# **Theory:**

Exploring the top data analytics libraries in Python reveals a selection of powerful tools designed to streamline scientific computing, data manipulation, machine learning, and web scraping tasks. Similarly, the realm of R offers a rich ecosystem of packages tailored for data manipulation, visualization, machine learning, and web application development. Below, we delve into the features and functionalities of the leading libraries in both Python and R.

##**Top 5 Data Analytics Libraries in Python.**


Numpy:

*   At the forefront, NumPy emerges as a fundamental package for scientific computing in Python.
*    It furnishes a robust N-dimensional array object along with an array of functions for efficient array operations, encompassing mathematical, logical, and statistical operations, among others.




Pandas:

*   Pandas, another cornerstone in Python's data analysis arsenal, furnishes fast and flexible data structures, including the DataFrame object.
*   Engineered to handle relational or labeled data effortlessly, Pandas simplifies data loading, alignment, and manipulation tasks.




Scikit-Learn:

*   Scikit-Learn stands as an open-source machine learning library offering support for both supervised and unsupervised learning techniques.
*    It provides a suite of tools for model fitting, preprocessing, selection, and evaluation, rendering it accessible and adaptable across diverse contexts.




Keras:

*   For deep learning aficionados, Keras emerges as a premier library, facilitating the development of neural network models with its consistent API and support for multiple backends, including TensorFlow and Theano.
*    Its user-friendly interface and scalability make it an attractive choice for CPU and GPU-based computations.




BeautifulSoup:

*   Rounding off the list, BeautifulSoup emerges as a quintessential tool for parsing HTML and XML documents.
*   By creating parse trees and offering intuitive methods for content extraction and navigation, BeautifulSoup simplifies the often intricate process of web scraping.

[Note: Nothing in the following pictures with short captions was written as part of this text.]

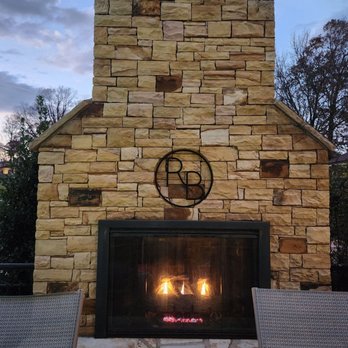 The Spa at Rock Barn - Fireplace...outside on the deck next to yet another jacuzzi  #Brilliant - Day Spas Near Me - Conover, North Carolina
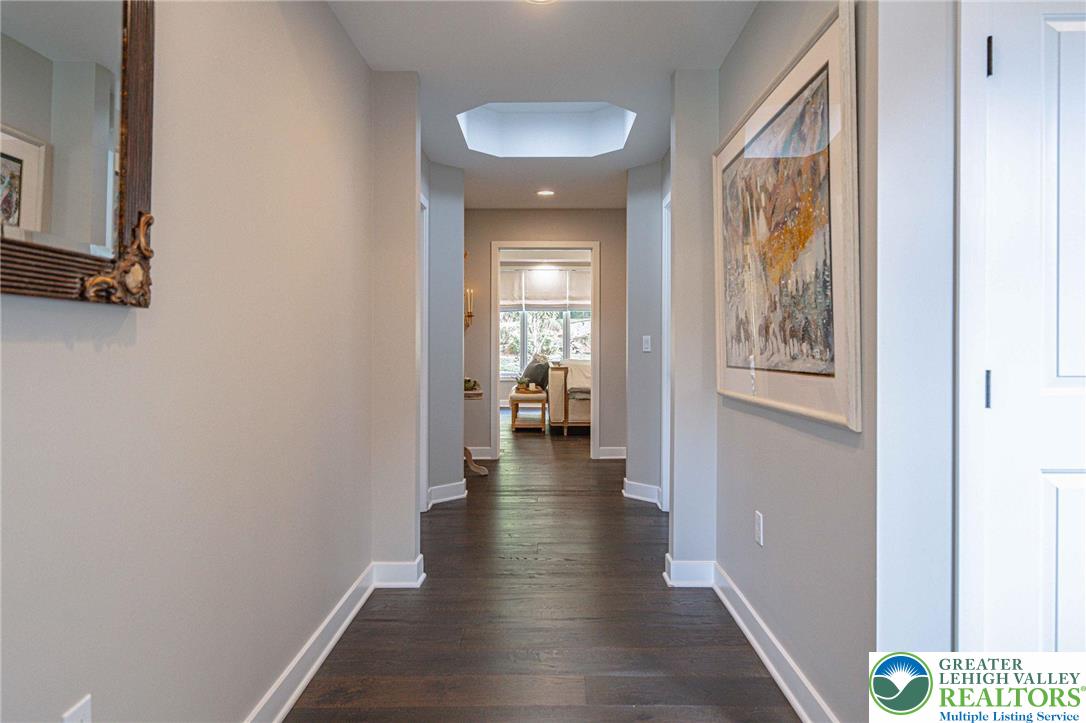 2560 Gracie Lone Lower Macungie Township, PA 18062 - Photo 37 of 68 a view of a hallway with wooden floor and a bathroom
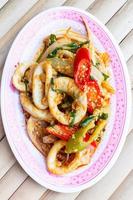 Fried squid in yellow curry powder. photo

## **Top 5  Data Analytics Librariesin R:**

dplyr:

*   In the realm of R, dplyr emerges as a potent package for manipulating and summarizing unstructured data.
*   By furnishing a suite of simple yet powerful functions, dplyr streamlines common data manipulation tasks, ensuring efficiency and ease of use.




ggplot2:
* Leveraging the grammar of graphics, ggplot2 empowers R users to construct visually compelling graphs by expressing relationships between data attributes and graphical representations in a coherent manner, thus expediting the creation of plots.

lubridate:
* Addressing the limitations of R's native date and time handling capabilities,
* lubridate offers a comprehensive suite of functions designed to simplify date and time manipulation tasks, enhancing the efficiency and clarity of code.

mlr:
* Serving as a generic and extensible framework for classification, regression, and clustering tasks in R,
* mlr integrates over 160 basic learners and includes meta-algorithms and model selection techniques to augment the functionality of basic learners.

shiny:
* shiny emerges as a groundbreaking R package for building interactive web applications directly from R code.
* By adopting a reactive programming paradigm and offering a curated set of user interface functions, shiny empowers data scientists to develop sophisticated web apps without delving into the intricacies of web development technologies.








---

## **Python**

In [None]:
import numpy as np
array1D = np.array([2,3,4,5])
print(f"1D Array : {array1D}, Shape : {array1D.shape}")

array2D = np.array([[1,2,3],[4,5,6]])
print(f"2D Array : \n{array2D}, Shape : {array2D.shape}")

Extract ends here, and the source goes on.